Poetry publishers at the Gurugram bed fest


The city of concrete and glass, generally regarded as the economic capital of North India, got a unique taste of poetry during the first edition of the DLF Gurugram Poetry Festival held on August 20-21, 2022. The two-day event was organized in association with two Delhi-based independent poetry publishers — Hawakal Publishers and Red River. The event was organized by the famous poet and founder of Poetry Couture, Madhu Raghavendra.

Apart from the launch of recent volumes of poetry published by Hawakal and Red River, the event also saw established and young poets from across India attend and read their works. Among the names that graced the occasion were Rakhshanda Jalil, Sukrita Paul Kumar, Nabina Das, Paresh Tiwari, Inder Salim, Abhimanyu Kumar, Amit Ranjan, Rati Agnihotri, Manish Sinha, Uttaran Das Gupta, Maaz Bin Bilal, Amlanjyoti Goswami, Ankush Banerjee, Shamayita Sen, Nabanita Sengupta, Rajorshi Patranabis, Kiran Bhat, Kinshuk Gupta among others.

The festival also featured promising new voices such as Gourob Chakraborty (winner of Sahitya Akademi Yuva Puraskar in Bengali in 2021), Sudipta Maji, Sabari Roy, Rimi Dey, Munshi Md Younus, Prasenjit Dasgupta, Aparna Singh, Sudeshna Chakravorty and others. others.

Raghavendra, himself a popular poet, whose poem, ‘Artist’, written during the pandemic has become a global session, said the idea behind the festival was not just to bring poetry to the forefront of the cultural conversation (which he has been doing for the last 10 years through his organization Poésie Couture), but also to highlight the work of independent publishers.

“Usually, in a literary festival, the emphasis is on fiction and non-fiction, and that too on books published by established publishers. Poetry, especially the poetry of young poets, is generally shunned. With this festival, we not only wanted to highlight the brilliant works done by Indian poets, but also the work done by independent presses in poetry publishing, which is generally considered a loss-making business.

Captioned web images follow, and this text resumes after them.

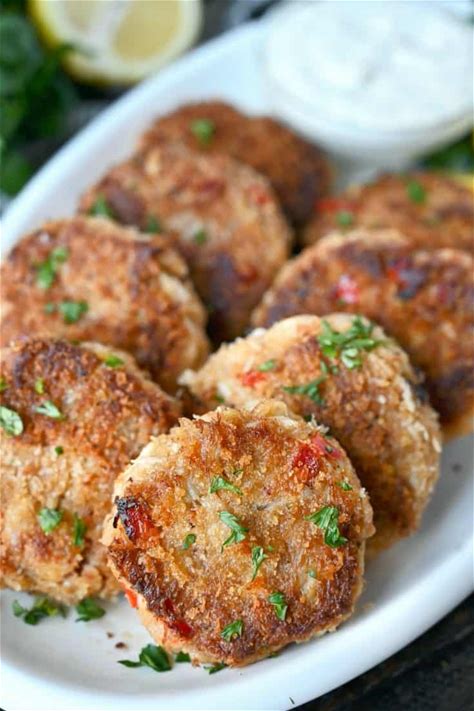 crab-cakes-with-lemon-dill-sauce-butter-your-biscuit image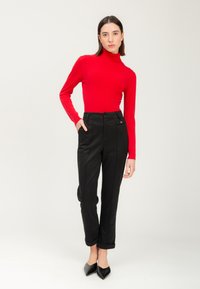 Rode coltrui gecombineerd met zwarte broeken. De broek heeft zijpiping en opgerolde manchetten. Het model draagt spitse zwarte hakken.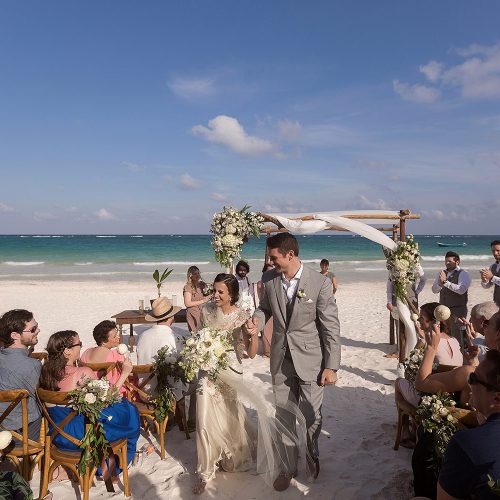 Bride and groom walking down aisle after wedding at el Paraiso Tulum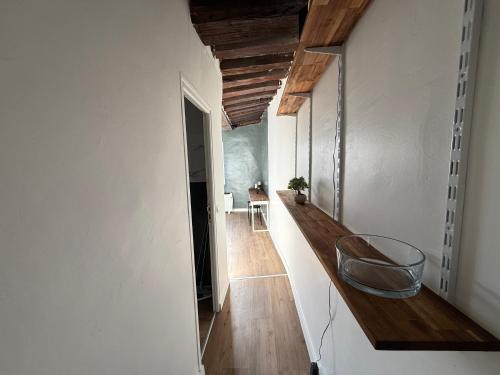 a hallway with white walls and a chair in a room at Chez Eric Studio au coeur de Châtelet in Paris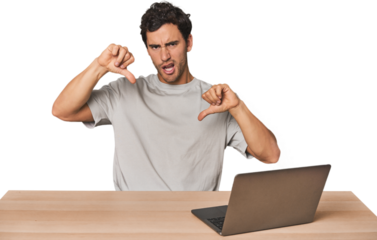 Hispanic young man working on laptop showing thumb down and expressing dislike.
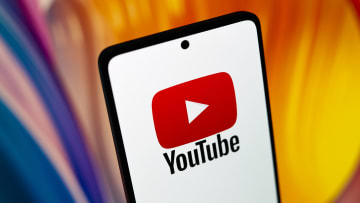 In this photo illustration, the YouTube logo is displayed on...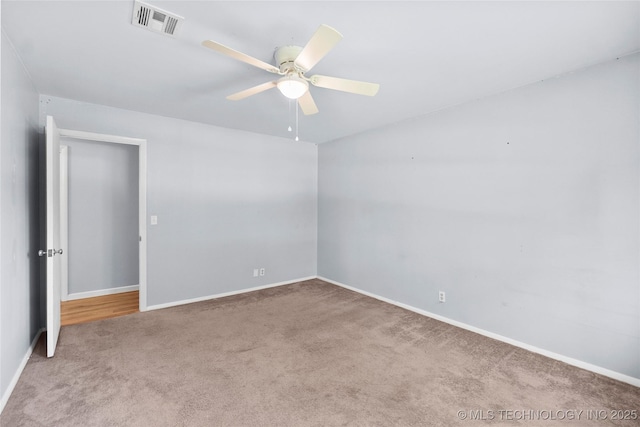 5854 E 46th Pl, Tulsa, OK 74135 - spare room with carpet flooring, ceiling fan, and baseboards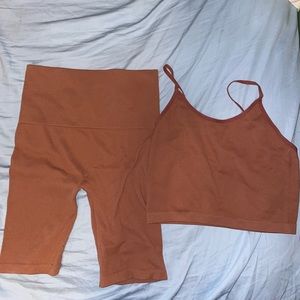Co ord two piece burnt orange stretchy crop top and biker shorts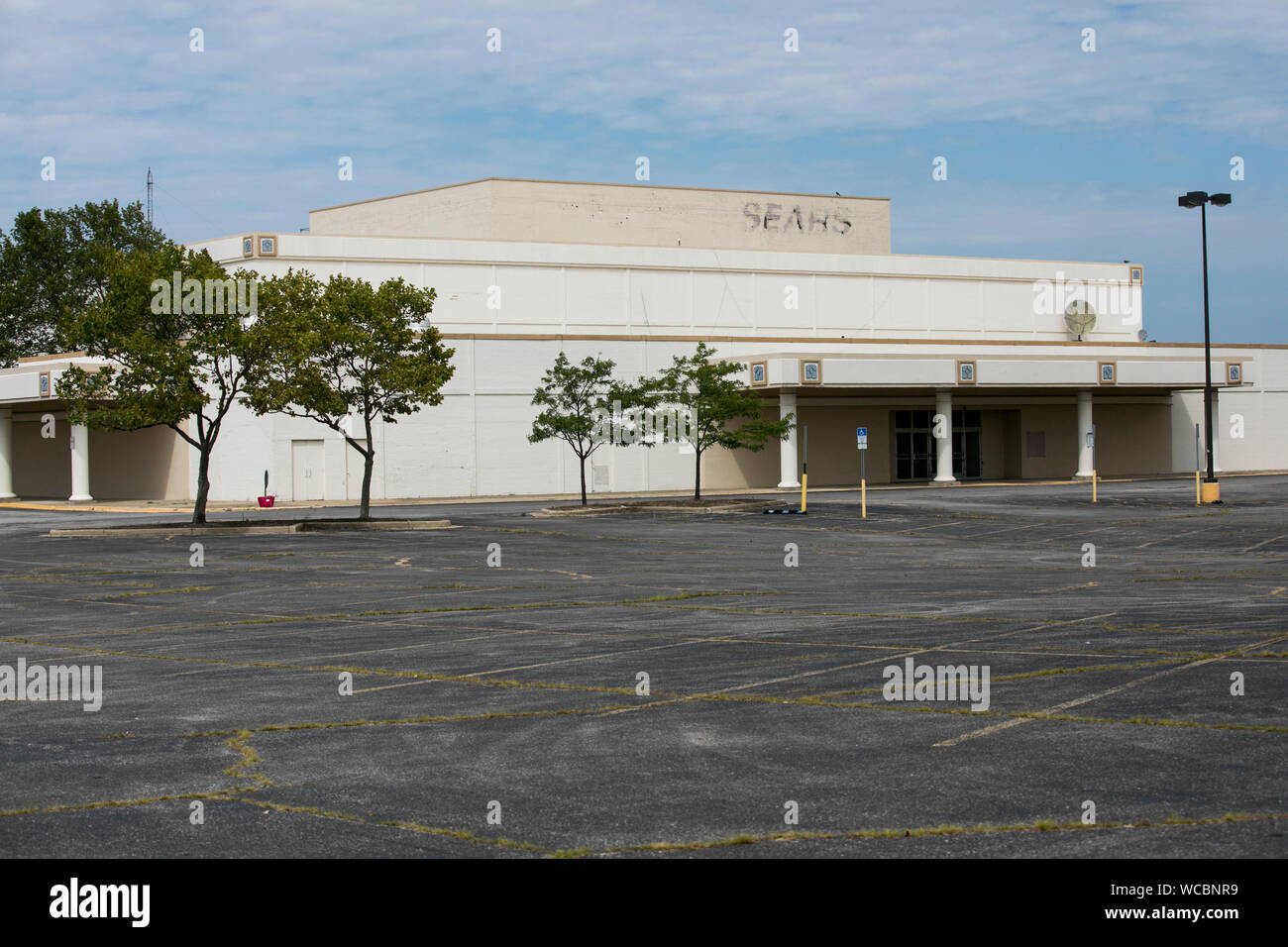 A faded outline of a logo sign outside of a closed and abandoned Sears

This is why, he says, the festival has decided to collaborate with the two independent publishers.

“The idea was to give independent publishers a platform to showcase their works, which often fail to find a place in the mainstream conversation,” Raghavendra said.

Over the past two years, Hawakal and Red River have given a platform to a range of diverse voices to share their poetry with the world.

Apart from publishing some of the emerging poets in the Indian poetic scene over the past five years, Hawakal also publishes the annual Indian poetry directory, edited by Sukrita Paul Kumar and Vinita Agarwal, which compiles the best poems published in India in the given year. Recently, Hawakal also released the anthology, The well deserved, a poetic response to India’s 75th Independence Day. Both titles were highlighted during the festival.

Meanwhile, Red River, whose titles are known for their unique subject matter and unusual approach to design, has published some of the best young poets writing in India today, whose works have won awards and accolades. Recently, Red River released the massive anthology, Witness: The Book of Red River Dissentedited by Nabina Das, which features 250 poets writing about their ideas of dissent.

Poet and translator Nabina Das, who recently translated 50 Bangladesh Women Poets into English (Get out of the lock), attended the event to present the book. This was followed by a reading for the anthology.

The event also saw the launch of several new Red River titles – Now a poem, now a forest by Paresh Tiwari; The Juggernaut Knot by Amit Ranjan; I would like a little moon by Rati Agnihotri; speaking in tongues by Kiran Bhat and The Great Earth Museum by Manish Sinha.

Raghavendra said that starting next year (the event promises to be an annual fixture in the city’s cultural calendar) he would like to collaborate with more independent publishers, especially those working in niche segments, such as women’s script, dalit script, indigenous script. etc

For Raghavendra, who was recently invited to the International Writing Program at the University of Iowa, poetry translation is another subject he wants to focus on. For this purpose, there was a dedicated session with the eminent translator Rakhshanda Jalil. In a fascinating conversation with Raghavendra, Jalil shared his experiences translating poets such as Shahryar and Gulzar, as well as the intricacies and nuances of translation.

Bitan Chakraborty, Founder of Hawakal Publishers, who attended the event and moderated several sessions, said, “It’s inspiring to have a multilingual poetry festival in Gurgaon. Hawakal is proud to be a partner of this magnificent company. Encouraging new voices takes on a new dimension with the DLF Gurugram Poetry Festival.